--- TASK GOAL ---
Once you have read the listing below, write all of it out again exactly.

--- INPUT MATERIAL ---
========

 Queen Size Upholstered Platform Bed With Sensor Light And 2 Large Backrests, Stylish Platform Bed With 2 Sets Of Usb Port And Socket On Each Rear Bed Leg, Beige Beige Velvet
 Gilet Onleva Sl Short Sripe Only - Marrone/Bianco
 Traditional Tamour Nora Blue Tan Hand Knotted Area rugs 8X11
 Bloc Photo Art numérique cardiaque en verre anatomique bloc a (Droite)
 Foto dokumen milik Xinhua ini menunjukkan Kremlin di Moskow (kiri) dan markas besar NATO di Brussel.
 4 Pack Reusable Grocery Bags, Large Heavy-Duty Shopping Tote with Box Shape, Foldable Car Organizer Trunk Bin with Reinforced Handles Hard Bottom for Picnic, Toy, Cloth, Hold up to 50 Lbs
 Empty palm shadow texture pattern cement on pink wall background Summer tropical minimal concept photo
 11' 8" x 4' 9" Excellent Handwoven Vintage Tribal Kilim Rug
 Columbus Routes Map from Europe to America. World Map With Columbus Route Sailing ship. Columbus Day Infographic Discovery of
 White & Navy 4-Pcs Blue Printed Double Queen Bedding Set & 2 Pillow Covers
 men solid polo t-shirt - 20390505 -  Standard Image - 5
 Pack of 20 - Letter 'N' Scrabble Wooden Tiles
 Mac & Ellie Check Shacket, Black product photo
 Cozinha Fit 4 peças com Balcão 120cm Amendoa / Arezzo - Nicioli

========

--- WRITTEN ANSWER ---
 Queen Size Upholstered Platform Bed With Sensor Light And 2 Large Backrests, Stylish Platform Bed With 2 Sets Of Usb Port And Socket On Each Rear Bed Leg, Beige Beige Velvet
 Gilet Onleva Sl Short Sripe Only - Marrone/Bianco
 Traditional Tamour Nora Blue Tan Hand Knotted Area rugs 8X11
 Bloc Photo Art numérique cardiaque en verre anatomique bloc a (Droite)
 Foto dokumen milik Xinhua ini menunjukkan Kremlin di Moskow (kiri) dan markas besar NATO di Brussel.
 4 Pack Reusable Grocery Bags, Large Heavy-Duty Shopping Tote with Box Shape, Foldable Car Organizer Trunk Bin with Reinforced Handles Hard Bottom for Picnic, Toy, Cloth, Hold up to 50 Lbs
 Empty palm shadow texture pattern cement on pink wall background Summer tropical minimal concept photo
 11' 8" x 4' 9" Excellent Handwoven Vintage Tribal Kilim Rug
 Columbus Routes Map from Europe to America. World Map With Columbus Route Sailing ship. Columbus Day Infographic Discovery of
 White & Navy 4-Pcs Blue Printed Double Queen Bedding Set & 2 Pillow Covers
 men solid polo t-shirt - 20390505 -  Standard Image - 5
 Pack of 20 - Letter 'N' Scrabble Wooden Tiles
 Mac & Ellie Check Shacket, Black product photo
 Cozinha Fit 4 peças com Balcão 120cm Amendoa / Arezzo - Nicioli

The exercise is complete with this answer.